▶ _WORK INSTRUCTION_:
The answer is to be the lines below that lie between the line holding "1st image of 3235 Twin Oaks Drive" and the line holding "Costume Jewellery : His", inclusive, transcribed exactly and free of pictures.

▶ _DATA SHOWN_:
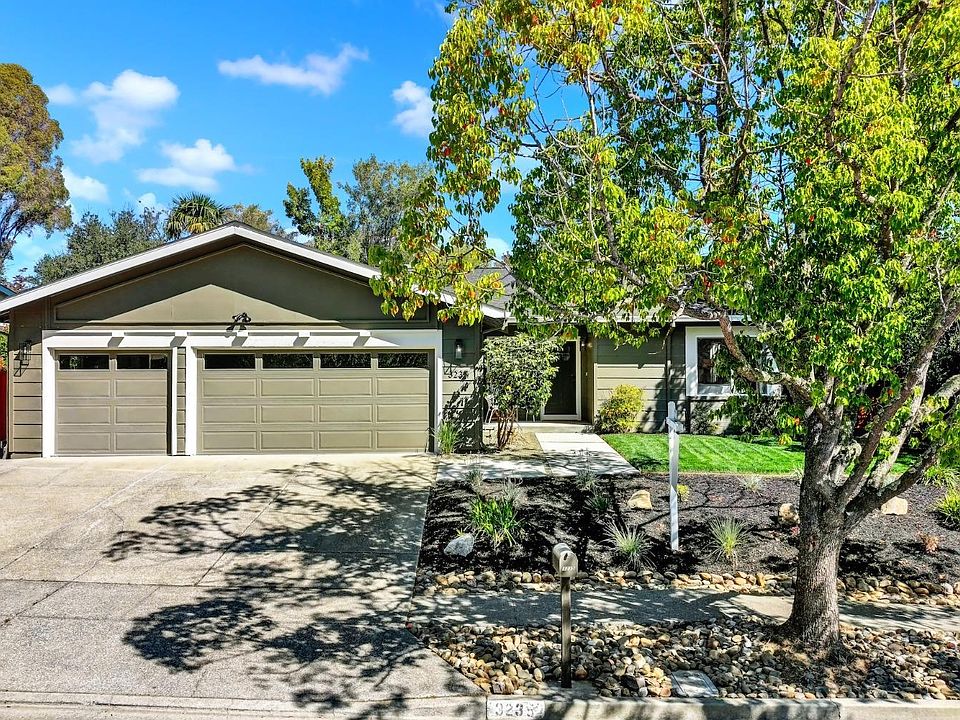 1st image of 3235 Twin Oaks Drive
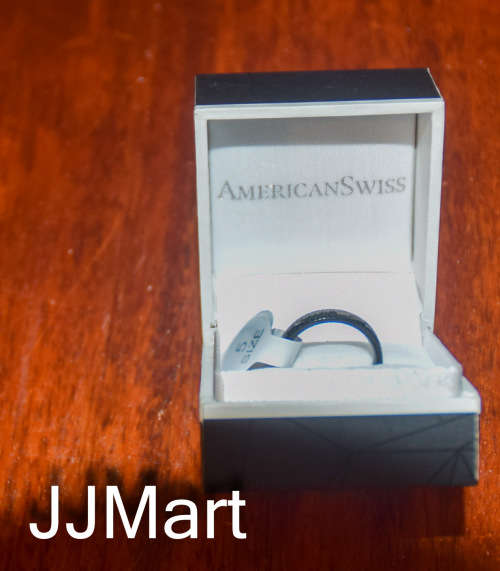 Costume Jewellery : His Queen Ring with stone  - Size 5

==

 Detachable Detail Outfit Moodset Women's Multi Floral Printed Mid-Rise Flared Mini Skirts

▶ _TASK RESULT_:
 1st image of 3235 Twin Oaks Drive
 Costume Jewellery : His Queen Ring with stone  - Size 5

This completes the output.